Efficient and Faster way to calculate the below problem without memory usage of python


I am currently working in a project where I need to loop through millions of rows and do calculation of each loop. Below is the code and df1 is a dataframe which contains 40,000 rows and df2 is also a dataframe which contains 60,000 rows.

mycolumns = ['RowValue_df1','RowValue2_df1','RowValue_df2','RowValue2_df2']
combination = pd.DataFrame(columns=mycolumns)
custom_val = 50
for i in range(0,len(df1)):
    RowValue_df1 = df1["Column1"][i]
    RowValue2_df1 = df1["Column2"][i]

    for m in range(0,len(df2)):
        RowValue_df2 = df2["Column1"][m]
        RowValue2_df2 = df2["Column2"][m]
    
        calc_val = ((RowValue_df1/RowValue_df2) * (RowValue2_df2/RowValue_df1)) * 100 #just an example
    
        if calc_val <= custom_val:
            combination = combination.append(pd.Series([
                RowValue_df1,
                RowValue2_df1,
                RowValue_df2,
                RowValue2_df2,
                ],index = mycolumns),ignore_index=True)

It takes so much of time that I was not even able to run it fully.

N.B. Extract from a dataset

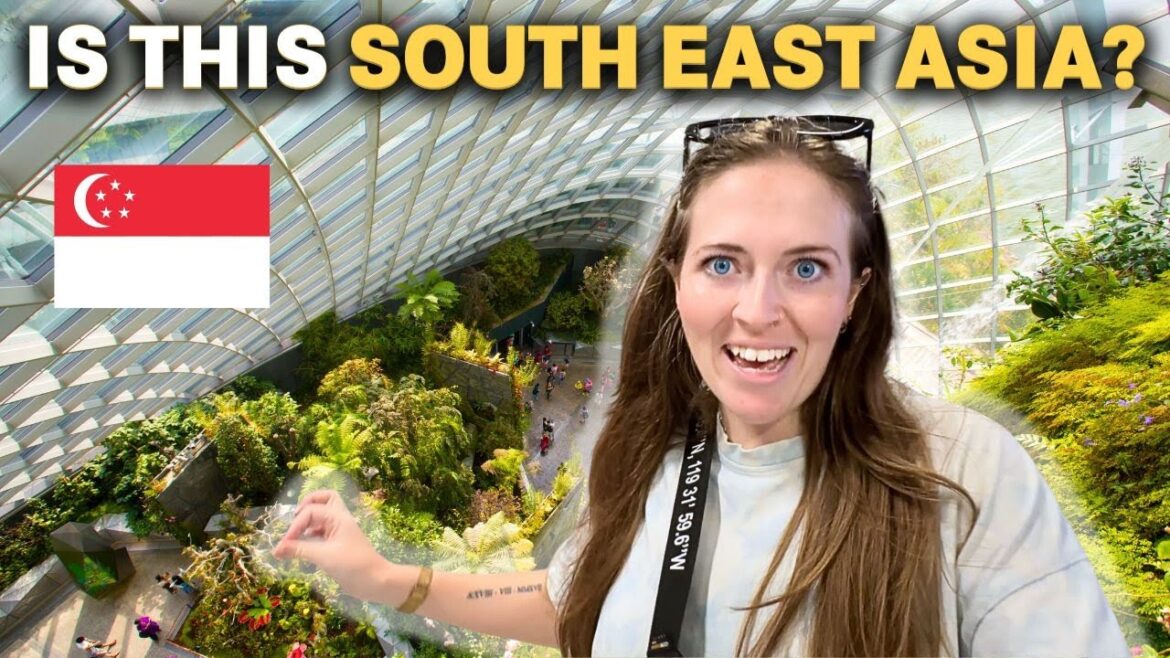 Why SINGAPORE will STEAL Your Heart 🇸🇬 (We’re Shocked) Why SINGAPORE will STEAL Your Heart 🇸🇬 (We're Shocked)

Is there any efficient way to change the above code.


Solution

  • Two changes can be applied to speed up this code:

    • combination.append is very slow because it recreate a new dataframe for each new appended line. You can append the lines to a Python list and then use create the final dataframe from the resulting list. This should be much much faster with a list.
    • The inner m-based loop can be vectorized using Numpy. You can compute calc_val by working directly on columns and not values and you can use where of Numpy to filter the elements.